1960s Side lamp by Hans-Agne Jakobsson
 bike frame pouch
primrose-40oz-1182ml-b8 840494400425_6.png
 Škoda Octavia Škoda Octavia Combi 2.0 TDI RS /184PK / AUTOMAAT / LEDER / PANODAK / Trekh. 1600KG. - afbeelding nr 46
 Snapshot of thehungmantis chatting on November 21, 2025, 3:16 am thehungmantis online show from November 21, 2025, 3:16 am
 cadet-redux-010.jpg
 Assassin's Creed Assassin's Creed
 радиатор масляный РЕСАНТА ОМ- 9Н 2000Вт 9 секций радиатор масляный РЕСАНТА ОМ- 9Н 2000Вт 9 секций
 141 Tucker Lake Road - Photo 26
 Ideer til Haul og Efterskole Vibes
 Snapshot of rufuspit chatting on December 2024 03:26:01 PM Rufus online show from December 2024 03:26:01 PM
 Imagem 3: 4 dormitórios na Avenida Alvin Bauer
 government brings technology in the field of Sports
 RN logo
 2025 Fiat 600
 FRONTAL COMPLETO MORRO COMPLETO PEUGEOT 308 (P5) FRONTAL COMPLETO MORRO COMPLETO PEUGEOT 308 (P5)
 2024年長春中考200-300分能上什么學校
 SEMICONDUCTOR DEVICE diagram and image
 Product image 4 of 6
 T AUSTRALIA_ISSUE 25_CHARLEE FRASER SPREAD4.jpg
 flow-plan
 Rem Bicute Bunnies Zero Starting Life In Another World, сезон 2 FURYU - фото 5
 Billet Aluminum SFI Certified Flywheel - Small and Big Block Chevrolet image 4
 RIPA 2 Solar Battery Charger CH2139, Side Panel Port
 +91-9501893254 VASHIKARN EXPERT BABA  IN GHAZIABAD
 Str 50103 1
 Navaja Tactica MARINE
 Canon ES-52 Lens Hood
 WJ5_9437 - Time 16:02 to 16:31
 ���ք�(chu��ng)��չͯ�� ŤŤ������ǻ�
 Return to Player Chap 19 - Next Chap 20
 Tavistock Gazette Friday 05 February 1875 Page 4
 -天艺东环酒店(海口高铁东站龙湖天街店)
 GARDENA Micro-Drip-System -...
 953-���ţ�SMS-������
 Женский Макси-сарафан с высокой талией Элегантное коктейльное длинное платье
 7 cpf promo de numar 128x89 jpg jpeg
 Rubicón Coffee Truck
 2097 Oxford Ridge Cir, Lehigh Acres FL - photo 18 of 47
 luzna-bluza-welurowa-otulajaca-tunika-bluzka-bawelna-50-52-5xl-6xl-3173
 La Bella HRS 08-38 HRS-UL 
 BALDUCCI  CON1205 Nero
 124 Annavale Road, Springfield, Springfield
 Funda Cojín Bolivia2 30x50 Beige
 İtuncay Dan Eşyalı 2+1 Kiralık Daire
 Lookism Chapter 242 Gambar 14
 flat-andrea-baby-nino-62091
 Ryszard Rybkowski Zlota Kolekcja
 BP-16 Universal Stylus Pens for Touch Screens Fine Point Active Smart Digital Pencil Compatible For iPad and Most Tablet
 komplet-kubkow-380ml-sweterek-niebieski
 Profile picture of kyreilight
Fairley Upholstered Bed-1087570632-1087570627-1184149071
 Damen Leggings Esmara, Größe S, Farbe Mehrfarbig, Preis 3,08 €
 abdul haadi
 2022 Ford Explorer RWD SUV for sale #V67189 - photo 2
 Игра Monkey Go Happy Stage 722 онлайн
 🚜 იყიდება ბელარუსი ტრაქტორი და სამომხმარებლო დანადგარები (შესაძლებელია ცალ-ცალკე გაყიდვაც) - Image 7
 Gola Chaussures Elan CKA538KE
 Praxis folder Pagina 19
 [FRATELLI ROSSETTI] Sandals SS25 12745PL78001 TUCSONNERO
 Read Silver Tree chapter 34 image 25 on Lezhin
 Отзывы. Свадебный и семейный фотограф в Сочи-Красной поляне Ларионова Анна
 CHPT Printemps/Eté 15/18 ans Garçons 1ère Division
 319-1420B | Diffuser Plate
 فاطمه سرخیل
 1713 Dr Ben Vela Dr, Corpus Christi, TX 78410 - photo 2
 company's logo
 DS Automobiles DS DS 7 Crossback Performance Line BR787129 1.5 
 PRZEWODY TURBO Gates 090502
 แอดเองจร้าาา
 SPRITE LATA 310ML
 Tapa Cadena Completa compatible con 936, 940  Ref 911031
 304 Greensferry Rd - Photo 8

——————

■ **ACTIVITY**:
Write out every line in the data that holds the string "show".

■ **RESULT**:
 Snapshot of thehungmantis chatting on November 21, 2025, 3:16 am thehungmantis online show from November 21, 2025, 3:16 am
 Snapshot of rufuspit chatting on December 2024 03:26:01 PM Rufus online show from December 2024 03:26:01 PM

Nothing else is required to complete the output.